WHAT YOU NEED TO DO:
Could you output each line below exactly as it appears, excluding any pictures?

=== AVAILABLE RECORDS ===

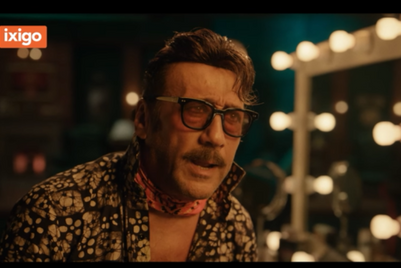 Jackie Shroff asks Suniel Shetty to tell viewers to #NikalLo with ixigo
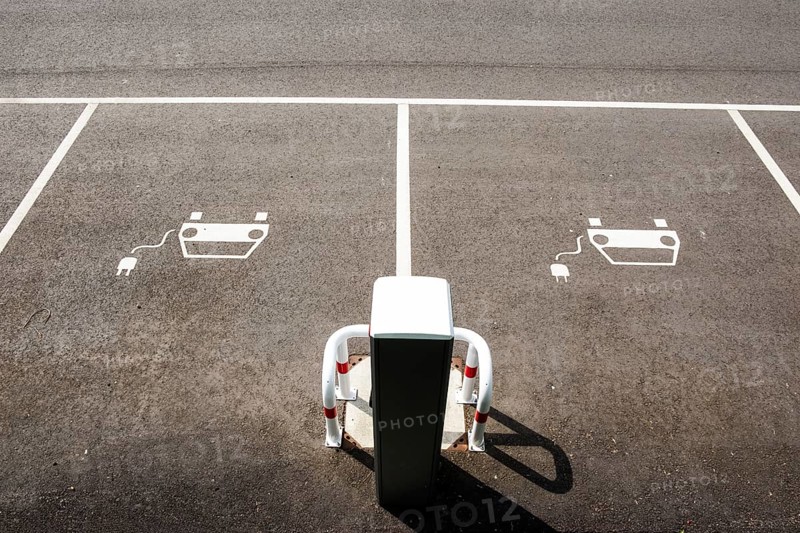 Car park with charging stations for e-cars, pictogram, Düsseldorf, Germany, Europe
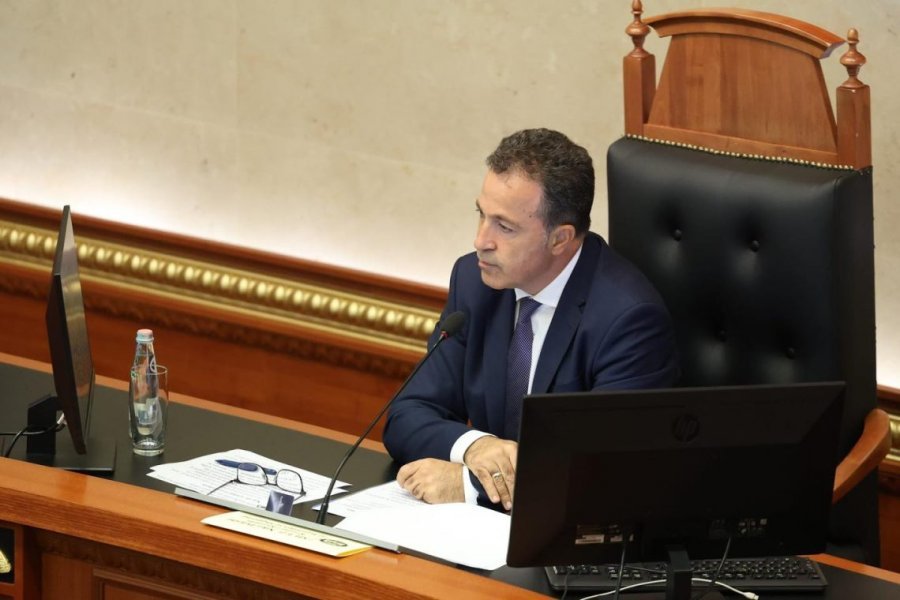 Mandatet e Kushtetueses, Peleshi hedh poshtë Spiropalin: Refuzon transparencën për seancën e datës 16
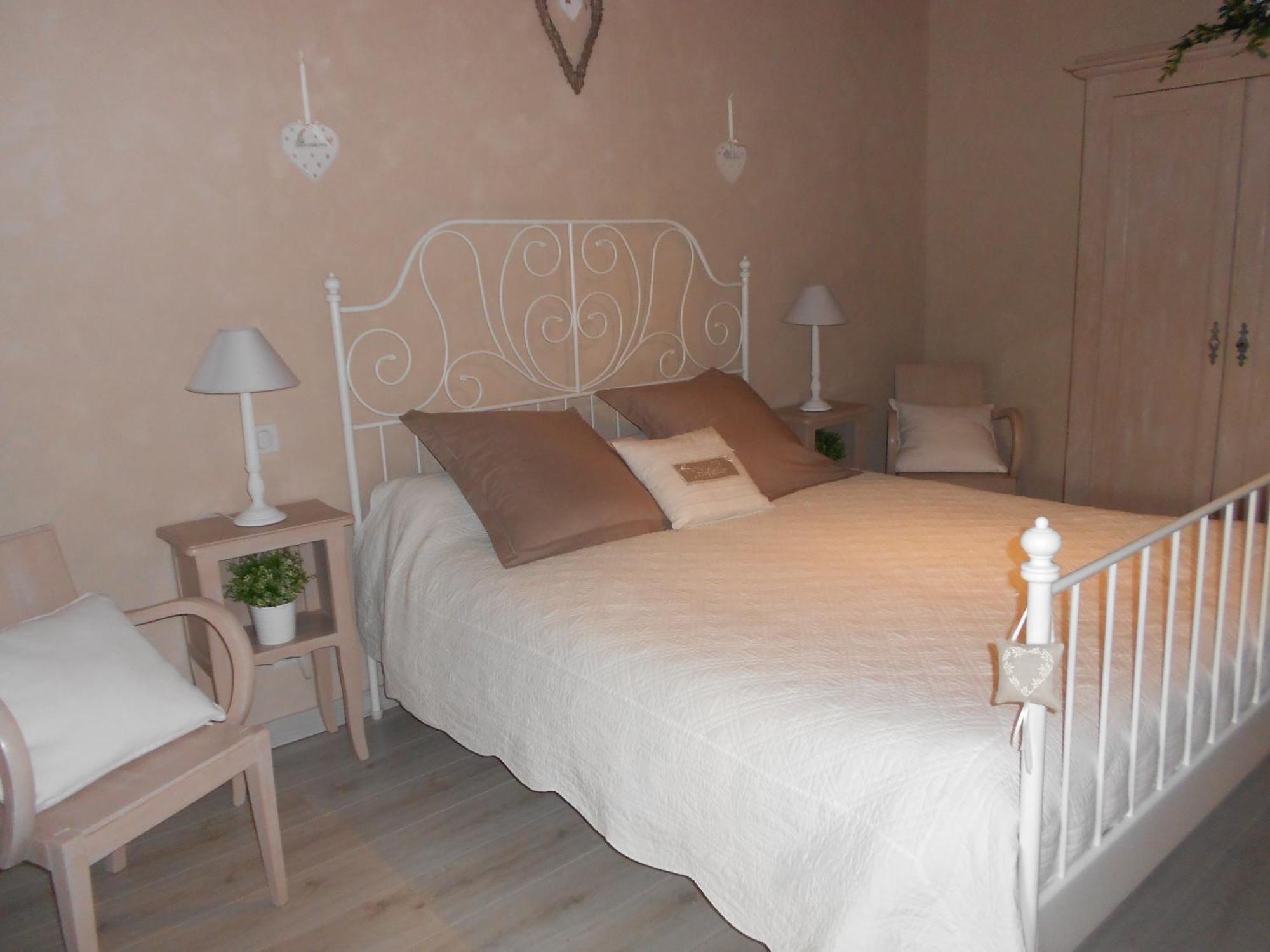 Au Coeur D'Origny Bed & Breakfast Couches ภายนอก รูปภาพ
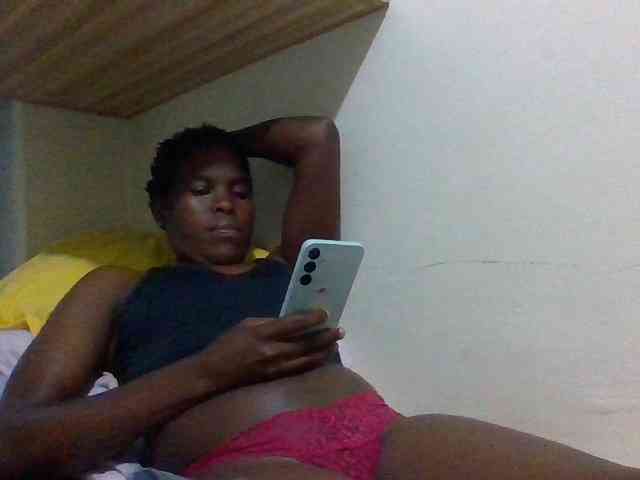 Cutesnyder webcam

===

WRITTEN RESPONSE:
 Jackie Shroff asks Suniel Shetty to tell viewers to #NikalLo with ixigo
 Car park with charging stations for e-cars, pictogram, Düsseldorf, Germany, Europe
 Mandatet e Kushtetueses, Peleshi hedh poshtë Spiropalin: Refuzon transparencën për seancën e datës 16
 Au Coeur D'Origny Bed & Breakfast Couches ภายนอก รูปภาพ
 Cutesnyder webcam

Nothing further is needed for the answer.